Die Wettervorhersage war alles andere als zufriedenstellend. Kein Schnee zu erwarten, weder an meinem Geburtstag, noch die Tage darauf. Da ich sonntags Geburtstag hatte, beschlossen wir hinein zu feiern. Am Weg zum Lokal sah es weiterhin nicht danach aus, dass es schneien werde. Die Luft roch nicht nach Schnee -und was das betrifft – habe ich eine Spürnase wie ein Hund. Meine Freunde, Familie und ich ließen es uns im Lokal richtig gut gehen. Ganz gleich wessen Geburtstag, welches Fest ansteht, ich finde es schön jede Gelegenheit zu nutzen, um gesellig beieinander zu sein. Wie sagt meine Cousine immer: „Feste muss man feiern wie sie fallen.“ Natürlich braucht man keinen Anlass, um sich zu treffen, allerdings ist die Wahrscheinlichkeit bei Anlässen geringer, Sätze zu denken wie: „Ach, morgen ist auch noch ein Tag“, es sich dann gemütlich auf der Couch zu machen und das Treffen zu verschieben.

Als wir gut gelaunt das Lokal verließen, traute ich meinen Augen nicht. Schnee – eine weiße Schicht bedeckte die Straße. Was für ein Geschenk. Wir staunten nicht schlecht und fingen sofort an, unsere Arme auszubreiten, das Gesicht von den Flocken berieseln zu lassen und mit der Zunge zu versuchen, eine zu schnappen. Und da war er, dieser unbeschreibliche Duft von Schnee. Am Heimweg machten wir eine Schneeballschlacht in den verlassenen Gassen Wiens. Überglücklich und erfüllt von der tollen Überraschung ging ich ins Bett.
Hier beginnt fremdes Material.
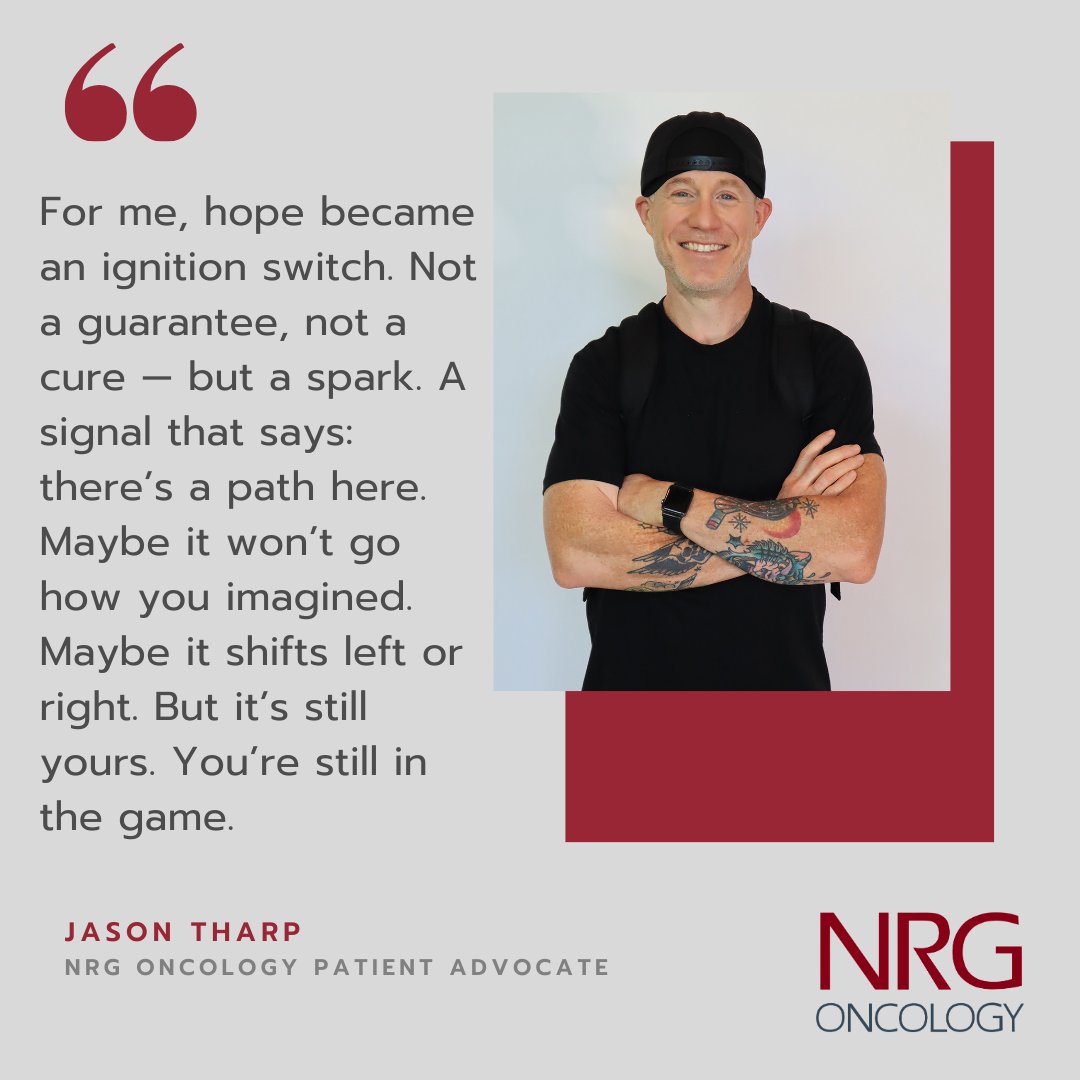 Our April #patientadvocate highlight is Jason Tharp's powerful story. Jason is a brain cancer survivor &amp; storyteller. His words leave people not just motivated, but moved &amp; equipped. Read it here ➡️ow.ly/LkpR50VBHWM
<a href="/Jas0nTharp/">Jason Tharp</a>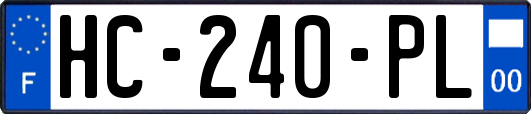 HC-240-PL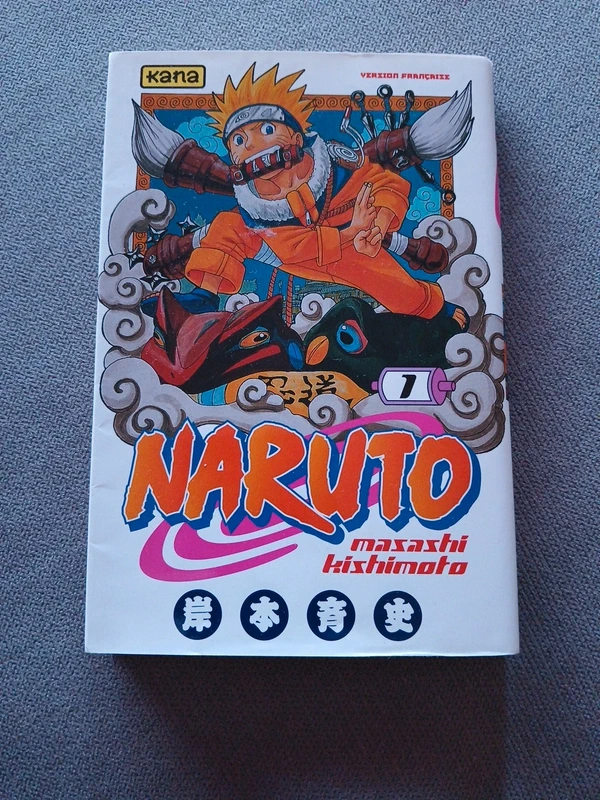 Manga naruto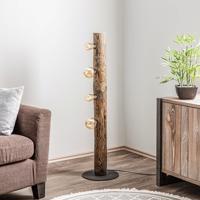 Envostar Beam stojaca lampa 4-pl. borovica tmavá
Am nächsten Morgen, nach Wegziehen der Vorhänge, das zweite Staunen innerhalb weniger Stunden. Kein Schnee. Ich sah auf den Boden, auf das Dach des Nachbarhauses, auf die Bäume,nichts, als ob es nie geschneit hätte. Kurz musste ich überlegen, ob dies alles ein Traum war. Nein, der Schnee war wirklich da gewesen, wie ein Geschenk, nur für mich. Ich hatte noch einen schönen Geburtstag und nächstes Jahr hoffe ich wieder auf die weiße Pracht.